Kirkham P, Watkins A
Mercy Hospital for Women, Victoria, Australia.
Arch Dis Child Fetal Neonatal Ed. 1995 Nov;73(3):F170-3. doi: 10.1136/fn.73.3.f170.
To assess the accuracy and reliability of reflectance photometers in estimating blood glucose concentrations, two were assessed: the Ames Glucometer 3 (Bayer Diagnostics) with Glucofilm Test strips; and the Reflolux S (Boehringer Mannheim) with BM Test Glycemia 20-800 strips. These were compared with laboratory blood glucose estimations in 100 assays (50 comparisons for each machine, measuring the difference (d) between the glucose reading and the mean of the reflectance photometer and the laboratory value). The Ames Glucometer 3 (mean d = + 0.7 mmol/l, (SD 1.1) mmol/l) was less accurate than the Boehringer Reflolux S (mean d = 0.2 mmol/l, (SD (0.7) mmol/l). The range of error of both machines is wide (Ames 2 SD range + 2.9 mmol/l to -1.5 mmol/l true readings; Boehringer + 1.8 mmol/l to -1.2 mmol/l of true readings). Because of this, any reflectance photometer readings that are even slightly low should be checked with laboratory estimations. The clinical value of such machines is limited in infants with low blood glucose concentrations.

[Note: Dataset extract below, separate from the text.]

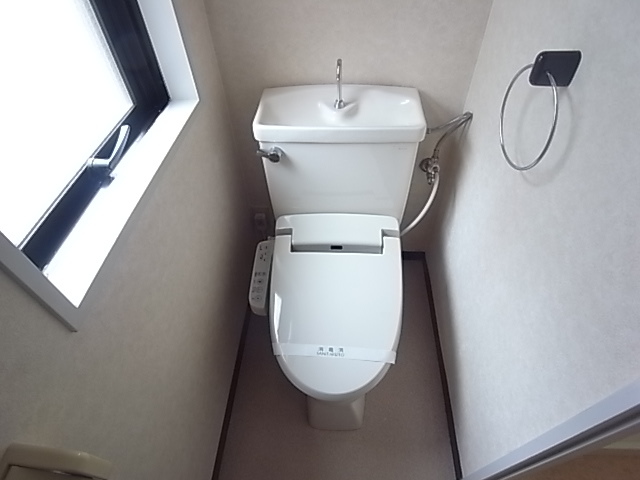 ＪＲ東海道本線 甲子園口駅 徒歩2分 4階建 築38年のトイレ写真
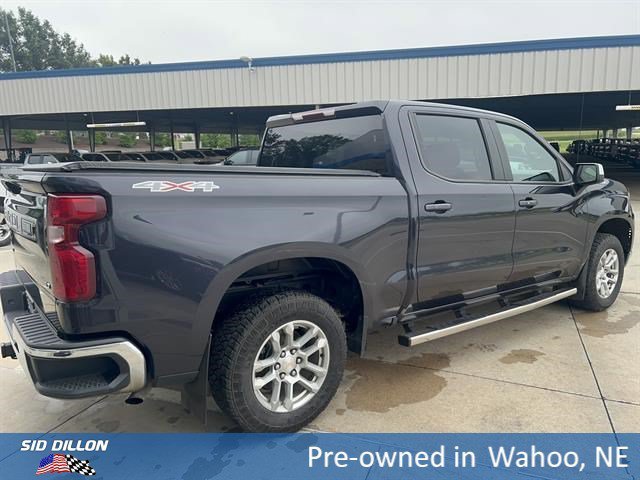Used 2022 Dark Ash Metallic Chevrolet LT image 5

为评估反射式血糖仪在估算血糖浓度方面的准确性和可靠性,对两款血糖仪进行了评估:配备葡萄糖测试条的艾姆斯血糖仪3型(拜耳诊断公司);以及配备BM血糖测试条20 - 800型的雷弗洛克斯S型血糖仪(勃林格殷格翰公司)。在100次检测中,将这些血糖仪与实验室血糖估算值进行比较(每台机器进行50次比较,测量葡萄糖读数与反射式血糖仪和实验室值的平均值之间的差值(d))。艾姆斯血糖仪3型(平均d = + 0.7毫摩尔/升,标准差1.1毫摩尔/升)的准确性低于勃林格雷弗洛克斯S型血糖仪(平均d = 0.2毫摩尔/升,标准差0.7毫摩尔/升)。两款机器的误差范围都很宽(艾姆斯血糖仪2个标准差范围,真实读数为 + 2.9毫摩尔/升至 - 1.5毫摩尔/升;勃林格血糖仪真实读数为 + 1.8毫摩尔/升至 - 1.2毫摩尔/升)。因此,任何哪怕略低的反射式血糖仪读数都应通过实验室估算进行核对。此类血糖仪在低血糖浓度婴儿中的临床价值有限。